What is needed: Copy every entry word for word, but skip the pictures.
---------- Available data
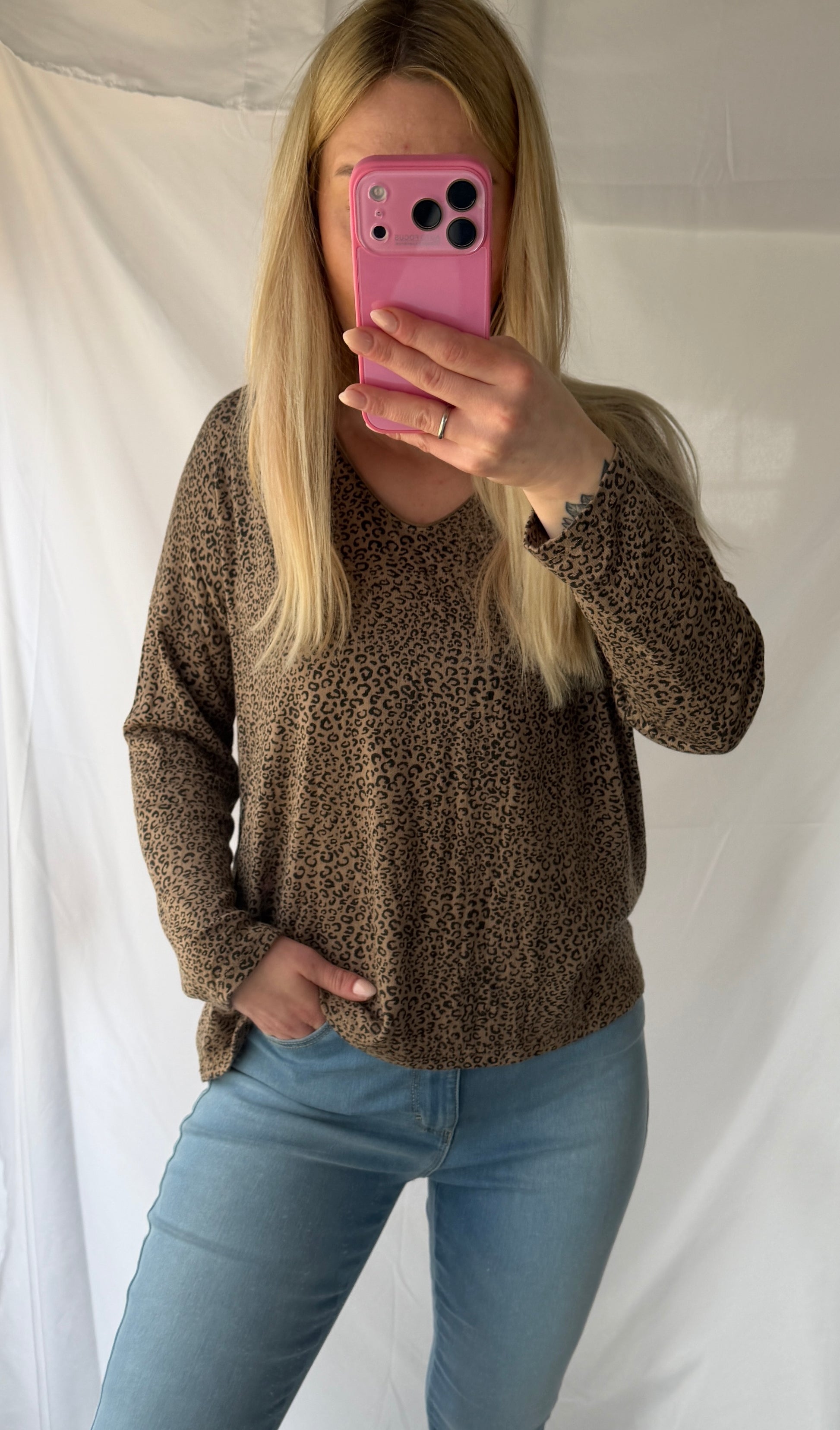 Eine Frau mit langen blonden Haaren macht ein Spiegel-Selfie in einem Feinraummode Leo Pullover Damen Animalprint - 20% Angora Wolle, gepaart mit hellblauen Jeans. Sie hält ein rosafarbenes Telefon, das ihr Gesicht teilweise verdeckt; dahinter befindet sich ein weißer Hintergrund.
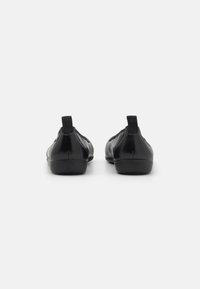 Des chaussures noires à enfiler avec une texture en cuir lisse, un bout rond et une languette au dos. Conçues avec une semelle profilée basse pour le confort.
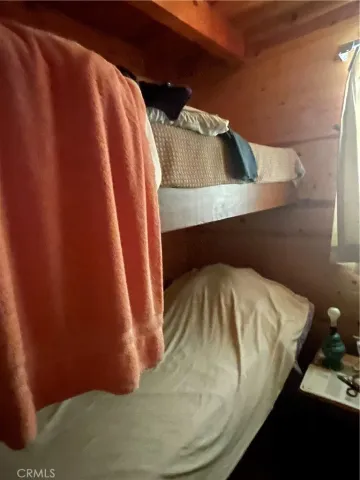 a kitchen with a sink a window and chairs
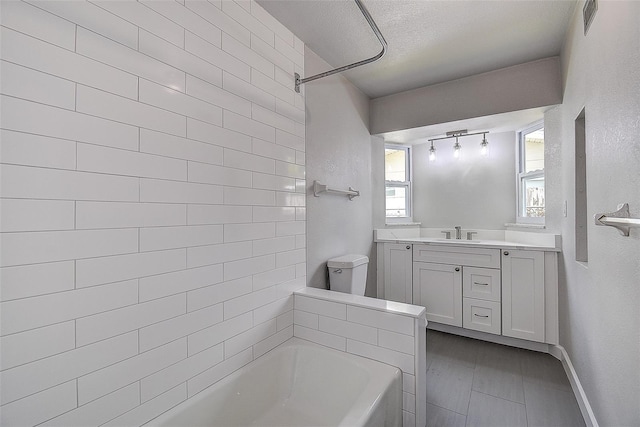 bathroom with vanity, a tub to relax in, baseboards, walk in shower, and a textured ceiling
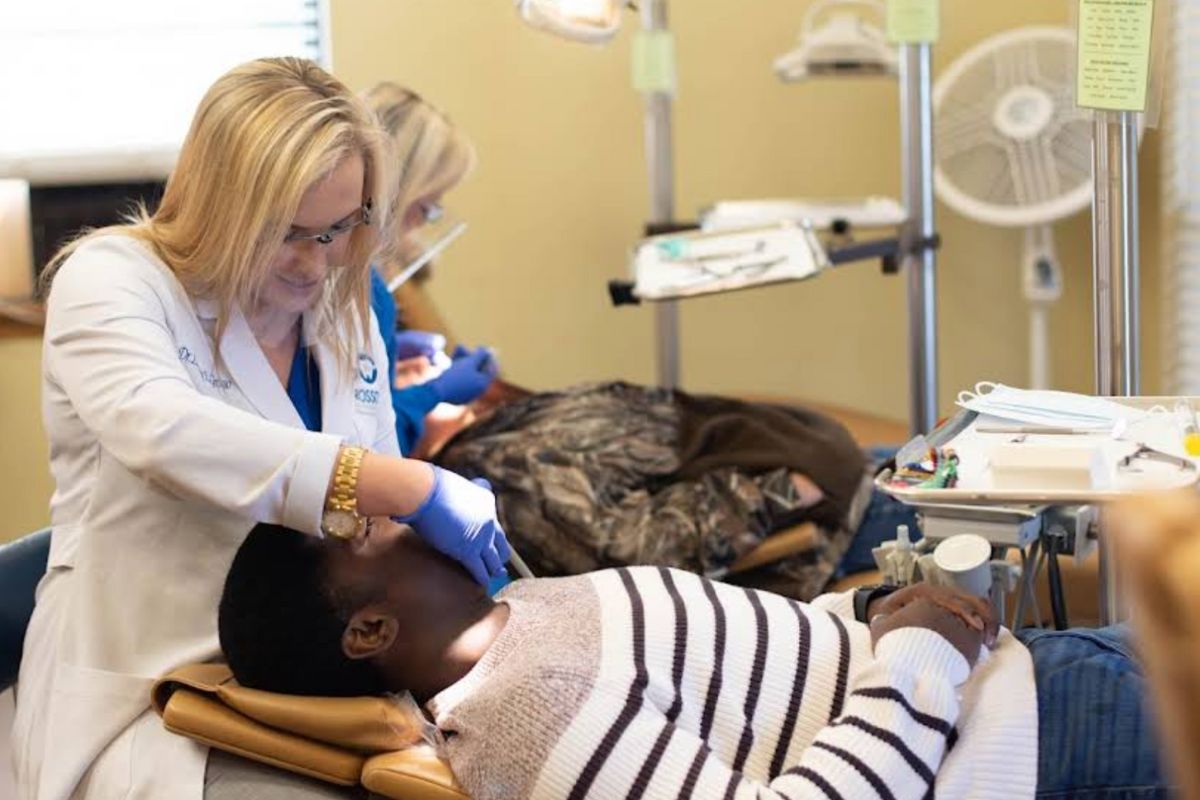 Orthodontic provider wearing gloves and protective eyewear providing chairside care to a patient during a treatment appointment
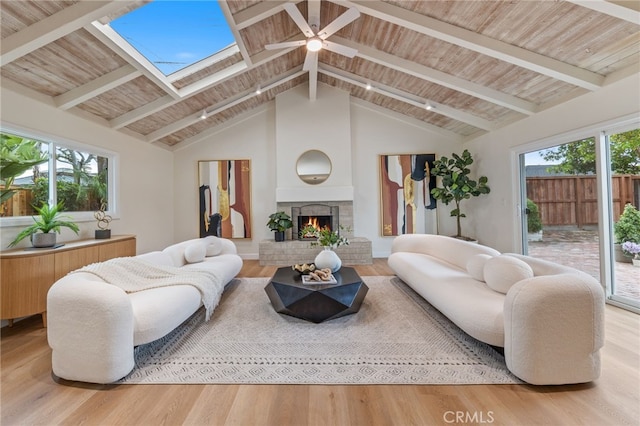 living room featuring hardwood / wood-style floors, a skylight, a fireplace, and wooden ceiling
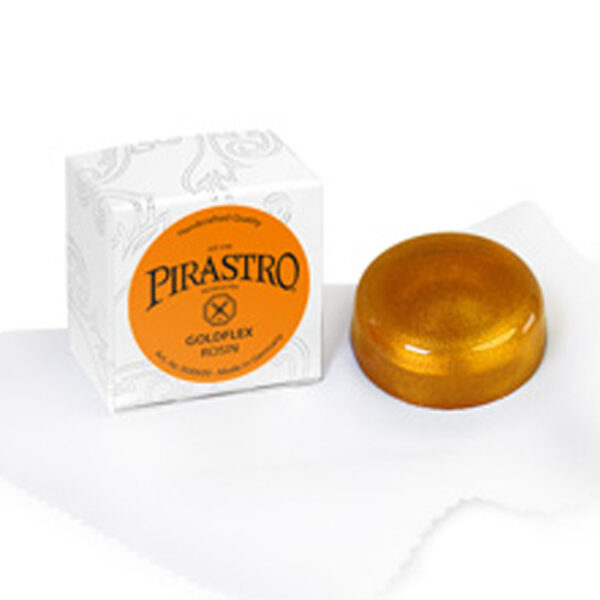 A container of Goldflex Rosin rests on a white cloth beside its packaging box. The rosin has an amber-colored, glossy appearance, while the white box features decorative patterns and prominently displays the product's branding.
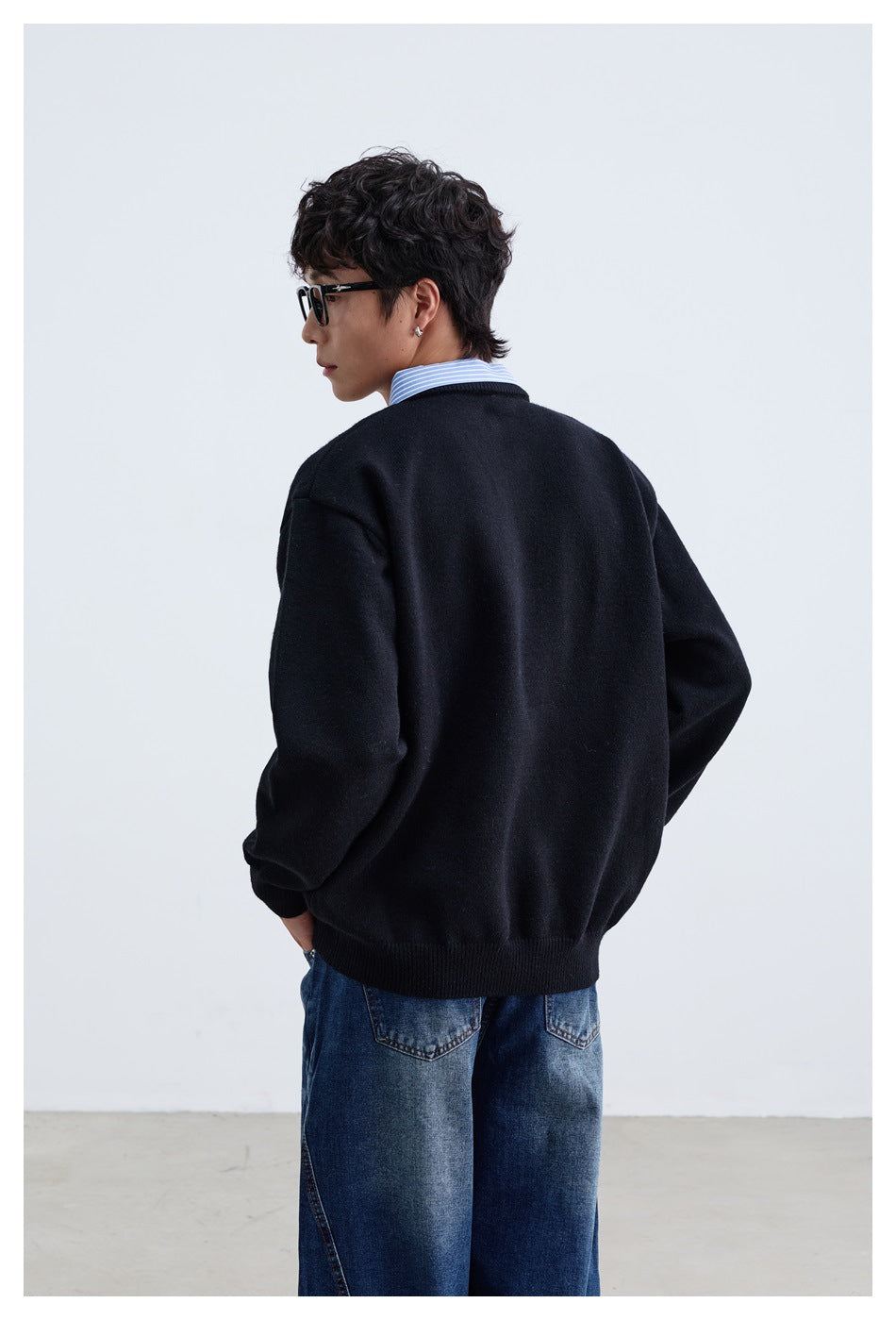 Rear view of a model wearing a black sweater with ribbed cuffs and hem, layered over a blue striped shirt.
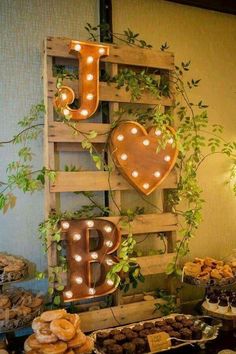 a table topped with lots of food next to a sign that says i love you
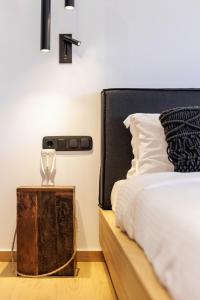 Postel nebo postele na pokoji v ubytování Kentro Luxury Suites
--------------------
Result for this task:
 Eine Frau mit langen blonden Haaren macht ein Spiegel-Selfie in einem Feinraummode Leo Pullover Damen Animalprint - 20% Angora Wolle, gepaart mit hellblauen Jeans. Sie hält ein rosafarbenes Telefon, das ihr Gesicht teilweise verdeckt; dahinter befindet sich ein weißer Hintergrund.
 Des chaussures noires à enfiler avec une texture en cuir lisse, un bout rond et une languette au dos. Conçues avec une semelle profilée basse pour le confort.
 a kitchen with a sink a window and chairs
 bathroom with vanity, a tub to relax in, baseboards, walk in shower, and a textured ceiling
 Orthodontic provider wearing gloves and protective eyewear providing chairside care to a patient during a treatment appointment
 living room featuring hardwood / wood-style floors, a skylight, a fireplace, and wooden ceiling
 A container of Goldflex Rosin rests on a white cloth beside its packaging box. The rosin has an amber-colored, glossy appearance, while the white box features decorative patterns and prominently displays the product's branding.
 Rear view of a model wearing a black sweater with ribbed cuffs and hem, layered over a blue striped shirt.
 a table topped with lots of food next to a sign that says i love you
 Postel nebo postele na pokoji v ubytování Kentro Luxury Suites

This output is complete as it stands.